By Stijnie Thuijs
After praising the wonderful lunch that was sure to revitalize the Video Vortex audience, Koen Leurs introduces his topic: the YouTube use of Dutch-Moroccan youth, born in the Netherlands but with natively Moroccan parents. Leurs explains how the right-wing politics in Holland are casting a shadow of negativity on the former immigrants and how the media present us with a black and white image. Anti-immigration, islamophobia, ‘Kopvoddentaks’ and street terrorists have become widely known and supported terms.
Koen shows us a video, a news report about the short film “Kop of Munt” , which shares a thought as to what would happen if all Moroccans would leave Holland. It’s meant sarcastically, but the media has picked it up as a heavy subject and made a fuss.
All this negative media attention causes presumptions about Dutch-Moroccan youth. But it is interesting to see them as they really are and perhaps how they handle all the bad news. Leurs wanted to find out how they constitute their identity through YouTube.
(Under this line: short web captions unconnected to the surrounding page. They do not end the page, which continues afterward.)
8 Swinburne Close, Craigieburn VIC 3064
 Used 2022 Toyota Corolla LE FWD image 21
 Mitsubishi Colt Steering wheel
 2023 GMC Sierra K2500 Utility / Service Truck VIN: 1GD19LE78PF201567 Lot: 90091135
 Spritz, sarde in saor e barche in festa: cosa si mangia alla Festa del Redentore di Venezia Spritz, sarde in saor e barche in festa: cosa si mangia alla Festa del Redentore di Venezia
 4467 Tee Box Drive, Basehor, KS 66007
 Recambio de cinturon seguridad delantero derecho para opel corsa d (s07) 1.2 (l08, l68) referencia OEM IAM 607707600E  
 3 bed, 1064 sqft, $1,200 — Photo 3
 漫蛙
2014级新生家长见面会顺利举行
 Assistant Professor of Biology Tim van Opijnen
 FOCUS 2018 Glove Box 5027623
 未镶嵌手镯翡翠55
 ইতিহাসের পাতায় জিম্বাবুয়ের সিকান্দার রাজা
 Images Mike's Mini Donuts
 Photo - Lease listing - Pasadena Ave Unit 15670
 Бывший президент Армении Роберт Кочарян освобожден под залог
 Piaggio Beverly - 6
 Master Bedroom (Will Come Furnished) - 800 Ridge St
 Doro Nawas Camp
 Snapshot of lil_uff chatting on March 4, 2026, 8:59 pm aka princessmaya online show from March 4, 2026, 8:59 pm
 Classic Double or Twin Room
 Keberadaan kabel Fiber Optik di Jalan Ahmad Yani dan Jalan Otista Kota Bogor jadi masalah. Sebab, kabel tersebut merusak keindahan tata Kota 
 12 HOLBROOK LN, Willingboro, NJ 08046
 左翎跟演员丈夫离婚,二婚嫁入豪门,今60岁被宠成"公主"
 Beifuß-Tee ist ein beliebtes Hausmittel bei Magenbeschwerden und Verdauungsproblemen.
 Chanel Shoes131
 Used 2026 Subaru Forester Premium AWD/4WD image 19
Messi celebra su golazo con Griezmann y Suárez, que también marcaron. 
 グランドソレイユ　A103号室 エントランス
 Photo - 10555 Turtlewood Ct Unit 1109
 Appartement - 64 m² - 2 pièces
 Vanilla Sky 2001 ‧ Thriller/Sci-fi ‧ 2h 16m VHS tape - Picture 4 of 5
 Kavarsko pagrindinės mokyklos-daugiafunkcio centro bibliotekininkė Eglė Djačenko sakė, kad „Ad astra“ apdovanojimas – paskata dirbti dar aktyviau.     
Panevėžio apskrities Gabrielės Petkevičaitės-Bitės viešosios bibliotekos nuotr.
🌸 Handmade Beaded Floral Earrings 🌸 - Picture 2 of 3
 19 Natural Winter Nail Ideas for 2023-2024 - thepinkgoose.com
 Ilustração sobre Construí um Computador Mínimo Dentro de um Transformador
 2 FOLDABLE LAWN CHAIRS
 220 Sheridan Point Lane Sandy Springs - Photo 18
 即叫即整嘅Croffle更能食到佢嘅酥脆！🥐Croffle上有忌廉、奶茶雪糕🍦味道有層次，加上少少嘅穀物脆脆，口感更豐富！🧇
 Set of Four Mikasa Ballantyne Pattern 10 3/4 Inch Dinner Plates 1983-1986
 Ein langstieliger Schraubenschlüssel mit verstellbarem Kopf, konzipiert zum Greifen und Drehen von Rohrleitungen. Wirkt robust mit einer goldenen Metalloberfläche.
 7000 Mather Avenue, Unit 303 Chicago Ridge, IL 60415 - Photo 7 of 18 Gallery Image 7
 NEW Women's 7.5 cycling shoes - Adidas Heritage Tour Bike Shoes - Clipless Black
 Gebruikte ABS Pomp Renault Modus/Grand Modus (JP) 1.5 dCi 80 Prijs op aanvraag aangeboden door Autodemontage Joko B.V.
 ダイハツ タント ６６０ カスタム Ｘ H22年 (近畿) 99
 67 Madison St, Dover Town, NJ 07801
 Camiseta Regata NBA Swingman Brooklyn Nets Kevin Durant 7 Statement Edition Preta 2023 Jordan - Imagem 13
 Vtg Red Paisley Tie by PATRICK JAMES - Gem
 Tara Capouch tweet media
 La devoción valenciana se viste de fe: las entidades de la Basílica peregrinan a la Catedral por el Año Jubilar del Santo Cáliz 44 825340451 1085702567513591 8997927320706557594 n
Being a PhD student in Gender Studies at the Media and Culture Studies Department at Utrecht University, Leurs executed surveys (1500+) and in-depth interviews (43) with the subjects (Dutch-Moroccan youth between the age of 12 and 18), as well as an analysis of the digital material. He found that the DM youth use YouTube more often than Dutch youth and that it’s more woven into their everyday life. He also found that there are three ways of consumption for the DM youth. First, the nostalgic, ‘vernacular spectacles’. It is nostalgic longing for a home that no longer exists or has ever existed (Boym 2001). YouTube is their home in a sense, as the youngsters are ‘watching movies about where we come from’. The clips are symbolic anchors, a symbolic travel to a real, and at the same time magical place. Second is the consumption of differential music, ‘video’s of affinity’, such as those of Ali B and Yes-R. Third there is the knowledge brokering, which stands for a more broad and globally oriented consumption. Important to note here, is that this assumption parallels with the three types of orientation for migrated youth that Hepp, Bozdag and Suna found: origin-oriented, ethno-oriented and world-oriented.
What’s most important is that the Dutch-Moroccan youth doesn’t fit into boxes. They constitute their own identity, for a portion through the use of YouTube and other media, and combine practices and the best of three worlds (past home, present home and global culture). Above all, they watch clips that do not correspond with the negative mainstream opinion at all. Yes, they are positioned in a situation of in-betweenness, but the Dutch-Moroccan youth in Holland knows its way around the web and consumes what it likes best, not willing to apply to the negative public sphere.